= Holbrook Mann MacNeille =

American mathematician

Holbrook Mann MacNeille (May 11, 1907 - September 30, 1973) was an American mathematician who worked for the United States Atomic Energy Commission before becoming the first Executive Director of the American Mathematical Society.

==Personal life==
MacNeille was born May 11, 1907, in New York City and was raised in Summit, New Jersey, the first of two brothers. His father was Perry Robinson MacNeille, an architect and urban planner and his mother Clausine Mann MacNeille who was active on the Summit Board of Education. His aunts were the Jungian analysts Kristine Mann and Anna Mann Richardson.

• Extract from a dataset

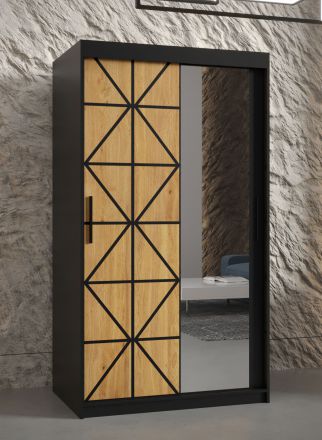 smalle kledingkast met deur met spiegel Zumsteinspitze 13, kleur: mat zwart - afmetingen: 200 x 100 x 62 cm (H x B x D), met vijf vakken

MacNeille went to the Summit Public Schools and summered in Bailey Island, Maine. At Bailey Island he became acquainted with Frank Aydelotte who encouraged him to go to Swarthmore College from which he graduated with highest honors in 1928. Following in Aydelotte's footsteps he was a Rhodes Scholar at Balliol College, Oxford, England 1928-1930 receiving a B.A. in 1930 and an M.A. in 1947. He received a Ph.D. in Mathematics from Harvard University in 1935 where he was the first student of Marshall Harvey Stone, was a Sterling Fellow at Yale University from 1935-1936 and a Benjamin Peirce Instructor at Harvard between 1936-1938. During the summers he was also a partner in the Dave Richardson Laboratories in Bailey Island, Maine, which produced dogfish prepared for dissection at school laboratories.

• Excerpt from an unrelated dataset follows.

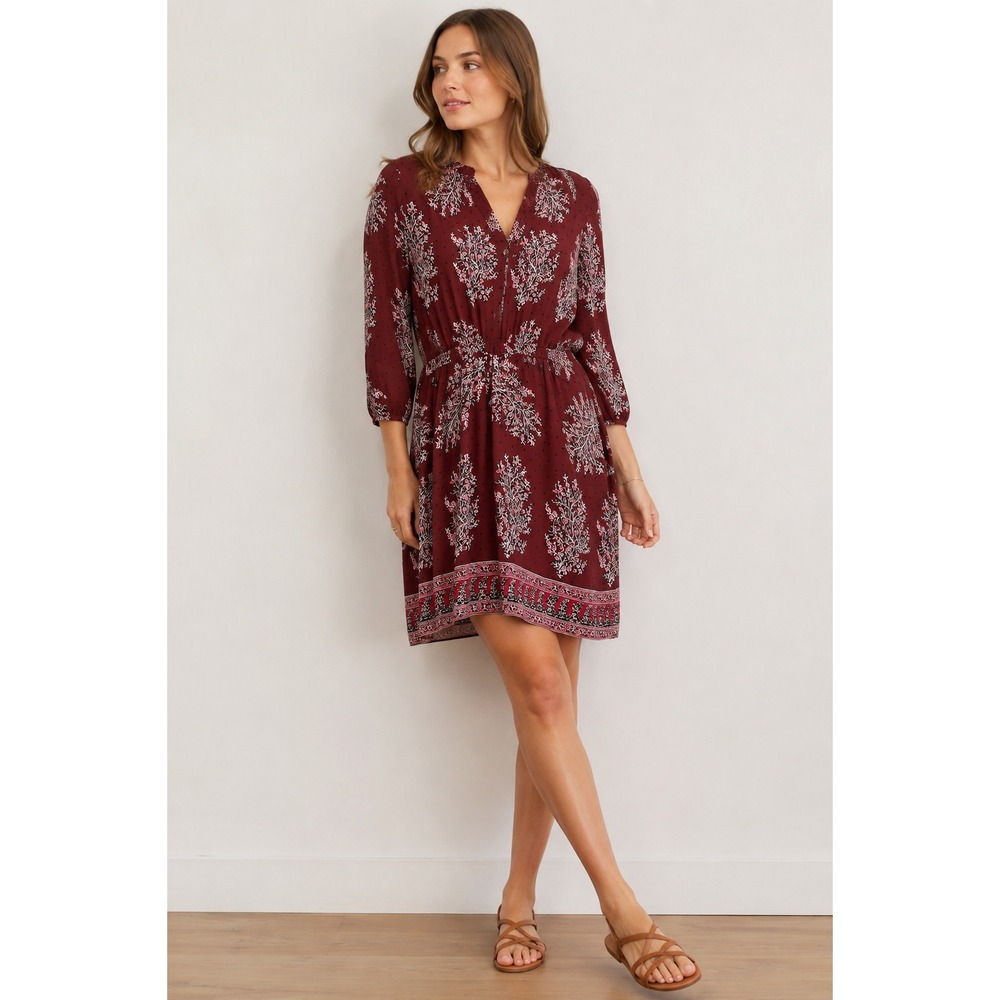 Madewell Lassi Silk Dress Burgundy Floral Polka Dot V-Neck E9466 Size 00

MacNeille's Ph.D work resulted in the MacNeille completion theorem, a generalization of the construction of real numbers from the ordered set of rationals by Dedekind cuts.

Upon completing his studies, he taught mathematics at Kenyon College as an associate professor (1938-1941), full professor (1941-1947) and chairman of the department (1945-1947).

==World War II==
During several of the years at Kenyon College he was on leave as Scientific Liaison Officer (1944-1945) and Head of Mission (1945-1946) London Mission of the Office of Scientific Research and Development, American Embassy in London, England. During (1946-1948) he was Scientific Director of the London Branch Office of the U.S. Office of Naval Research and then during (1948-1949) spent more than a year as chief of the fundamental research branch of the Atomic Energy Commission in Washington, D.C. In 1948 he received the President's Certificate of Merit from President Harry S. Truman.

==After World War II==
In November 1949 he became executive director of the American Mathematical Society where he served until 1954. From 1954–1961 he was professor and chairman of the Department of Mathematics in the College of Arts and Sciences at Washington University in St. Louis, and then from 1961 professor and chairman of the Department of Mathematics at Case Western Reserve University in Cleveland, Ohio, until his death.

During this latter period he became interested in teaching, and directed several educational movies as part of the Calculus Film Project of the Educational Media Committee of the Mathematical Association of America.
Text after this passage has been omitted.